Fig. 1: The left image shows a typical human-robot interaction, where a human tutor presents an object to an artificial vision system. This scenario is unconstrained in the sense that learning and recognition takes place in a dynamical scene. That is, the tutor presents the object by hand from an arbitrary viewing position in front of a cluttered background. On the right, a short sequence of frames from the system perspective is presented, demonstrating the interactive scenario.

 

In human-machine interaction research, the learning of visual representation under such general environment conditions becomes increasingly important. The main goal is to reach a symbolic level for a compact unambiguous description of the visual data. Therefore the segmentation of objects from their surrounding background is relevant for object learning and recognition. Image segmentation is one of the most challenging tasks in computer vision and a crucial concept in multiple applications. A special case of image segmentation is figure-ground segmentation, which is the process that separates the image into two regions, the object of interest and the background clutter. This process serves as preprocessing step for machine learning techniques to separate the visual features of the object from the features occurring in the background. Regarding subsequent object learning, this step is necessary in order to determine the visual properties of objects, such as their shape for instance. Furthermore a figure-ground segmentation allows the application of object recognition methods in unconstrained environment with cluttered background and increases their efficiency by constraining the computation to the relevant location of the image. In other words, a figure-ground segmentation separates the object identity and the location in the scene i.e. achieves invariance to the stimulus position.

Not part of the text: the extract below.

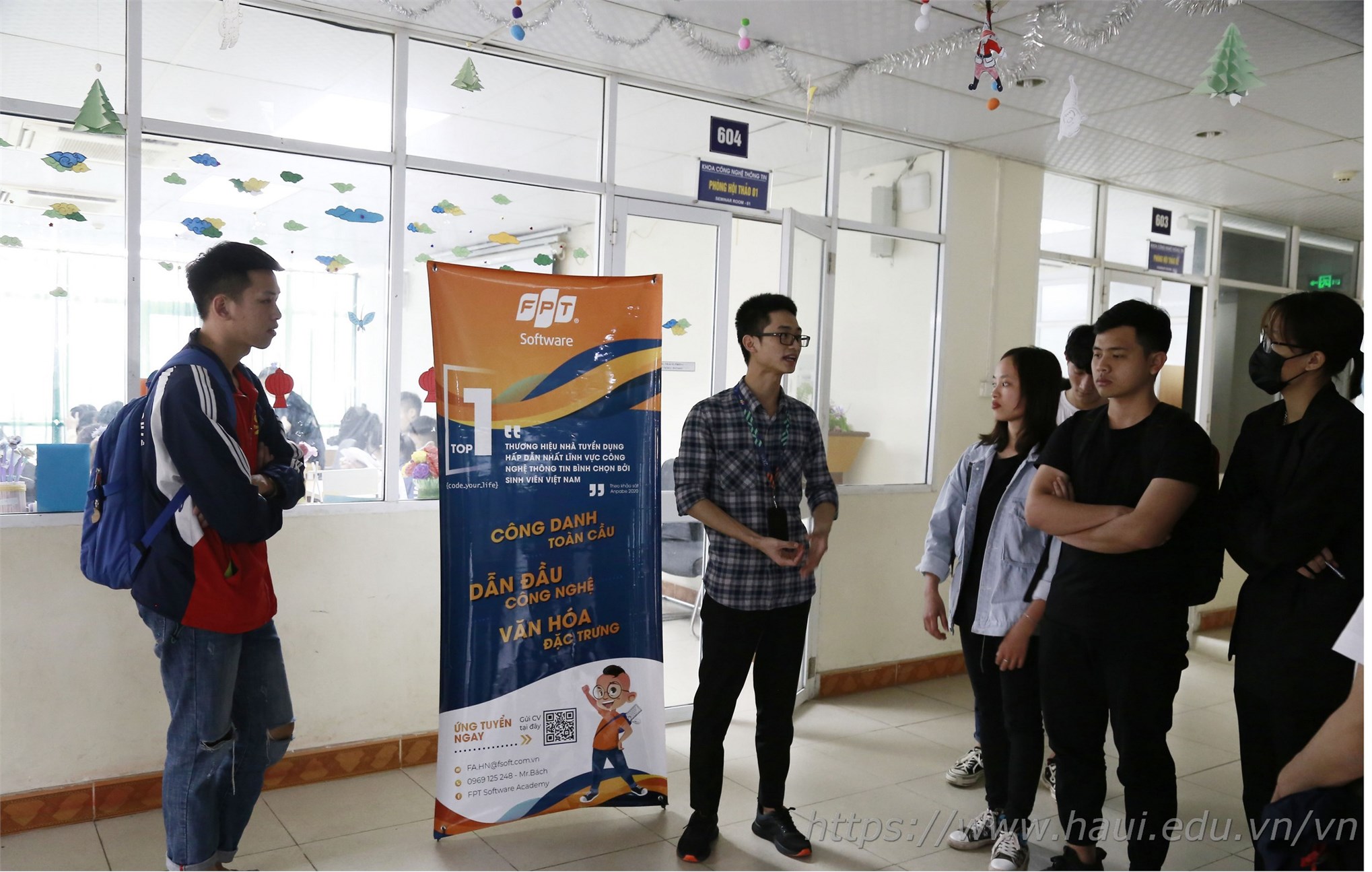 Nearly 600 internships and employment opportunities for IT students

overviewA hypothesis-based approach

In the initial learning phase we cannot assume an already acquired object-representation, i.e. the appearance of the objects is unknown. In this case an external cue is necessary to guide the attention of the system to a particular location in the scene in order to bootstrap the learning procedure. We use a hypothesis-based concept where such segmentation cue can be generated by a bottom-up saliency or cues like motion and stereo disparity to obtain the relevant object regions. But these methods only partially address the question what is related to a certain object or physical entity. The cues provided by motion and depth estimation are hard to estimate on homogenously colored regions and therefore may be only partially available. Additionally depth estimation can only give a coarse approximation of the object outline due to the ill-posed task to recover 3D information from 2D data. Therefore the obtained image regions only correspond very roughly to an object. The task of hypothesis-based figure-ground segmentation models is to assign each pixel to foreground or background on the basis of the initial cue and the input image. We investigate algorithms and methods to represent the properties of figure and ground regions and to obtain such pixel-wise decision which image parts are related to one of the two classes. We focus our investigation on vector-based neural networks and model figure and ground with prototypical feature representatives e.g. consisting of color and position information. Using such method, pixels are assigned to the most similar prototype which represents, according to the underlying metrics, the homogenous region of the image. Additionally we use metrics manipulations to improve the pixel-wise classifier for features. That is, the standard Euclidian distance function to measure the similarity of pixel-features and prototypes is replaced by more complex and adaptive distance functions.